The process of collection of VAT is often safely categorized into two broad heads based on the method of collection of value-added tax.
Account-based collection of VAT:
Under the account-based method of collection, sale receipts aren't used, instead, tax is calculated on the value-added. Value added is calculated because of the difference between revenues and allowable purchases. Most countries don't use this method of computing and collecting VAT; however, Japan still uses this manner for tax collection.
Invoice-based collection of VAT:
Under the invoice VAT collection, sale receipts or invoice is employed to compute the corresponding Vat. Traders, after they sell their goods and services, offer invoice containing separate details of VAT collected.
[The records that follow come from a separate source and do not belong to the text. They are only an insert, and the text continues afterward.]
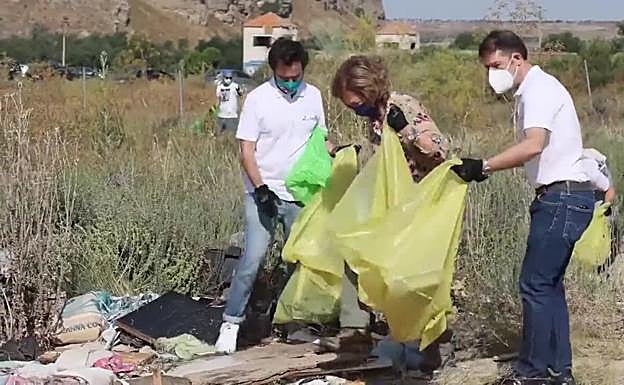 La Reina Sofía se moviliza contra la 'basuraleza'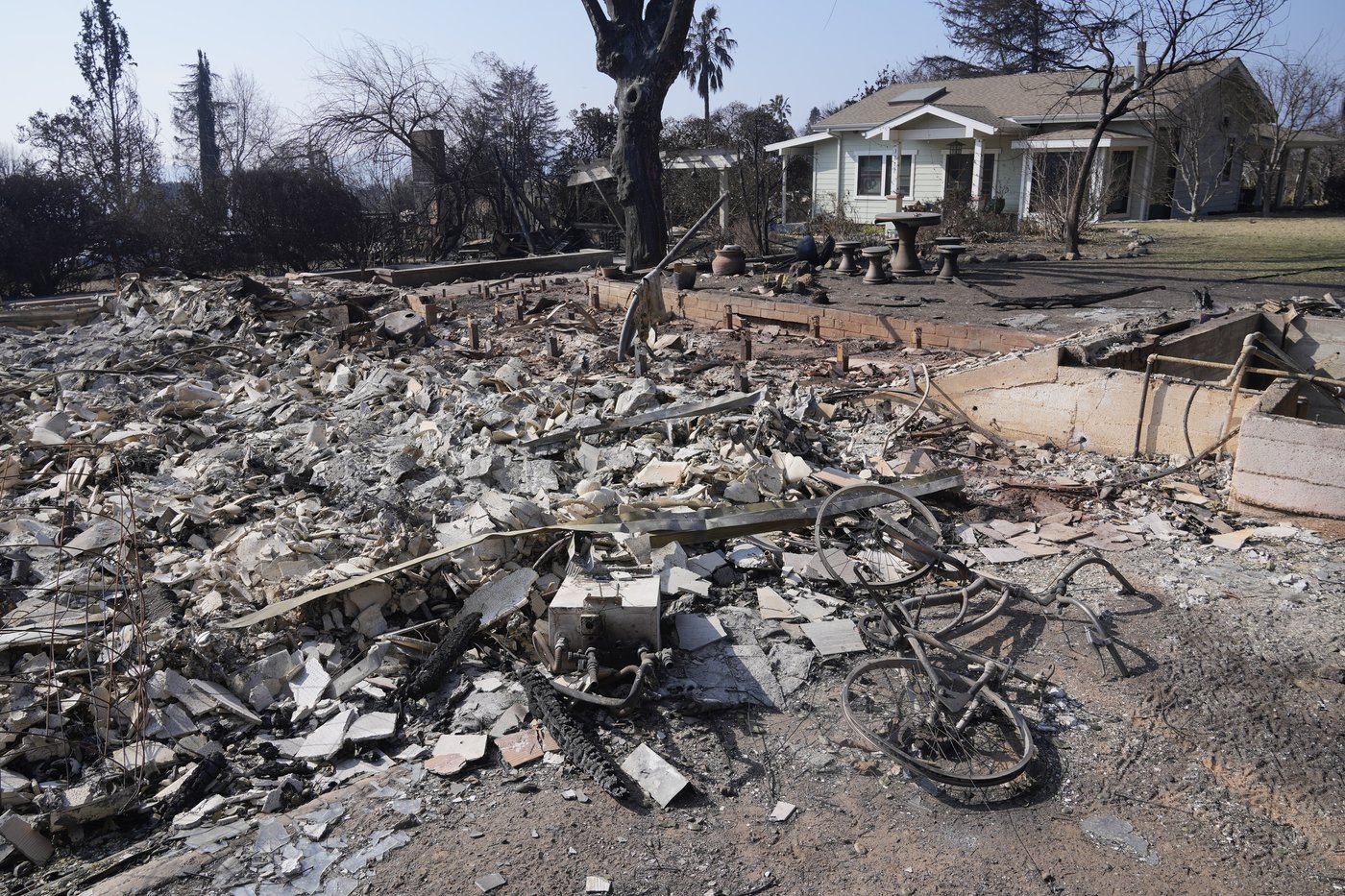 Another day of ferocious winds forecast for Southern California | iNFOnews.ca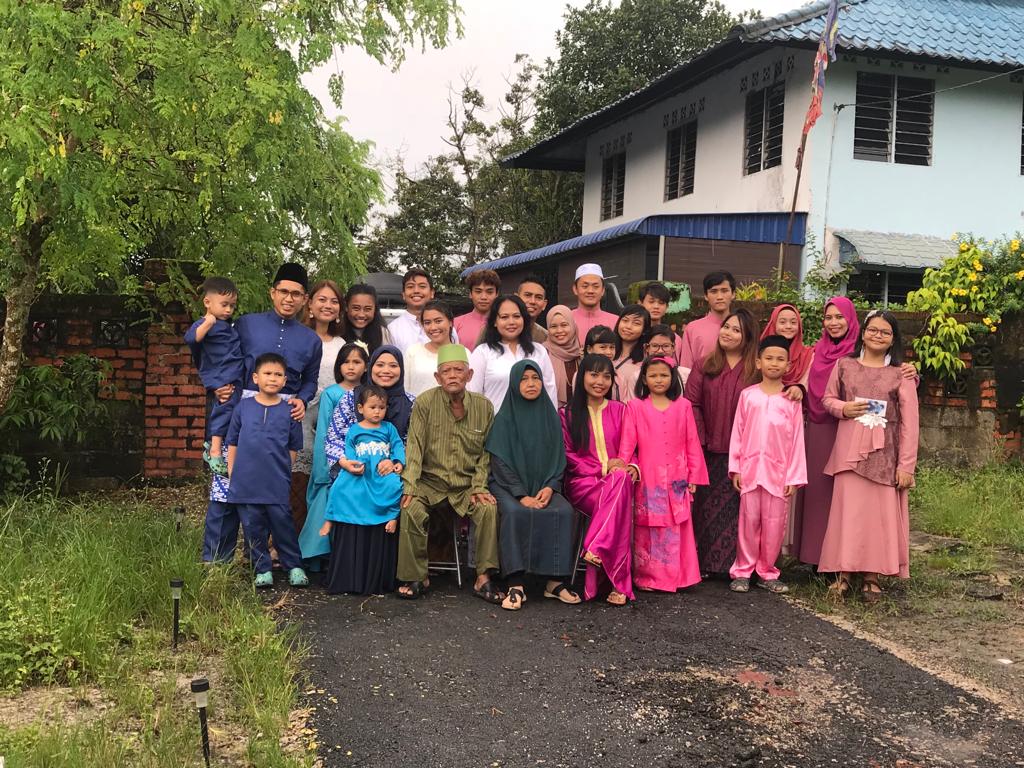 Keluarga Intan dan Hasnah. - Gambar Berita Mediacorp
Most countries within the world today use the invoice- based method of VAT collection.
Another way to categorize VAT collection is to classify it supported the timing of collection.
Accrual- based collection of VAT:
Accrual based collection matches the revenue with the fundamental measure during which it's earned and matches the value of raw materials and expenses to the period of time during which they were made. This method is extremely complicated compared to the cash-based collection of VAT. However, it also throws substantial light on information about any business.
Cash-based collection of VAT:
Cash-based accounting is easier than accrual-based calculation. Emphasis is laid on the cash that's being handled rather than whether all the bills are paid. Whenever a payment is received, that date is recorded as the date of receipt of fund.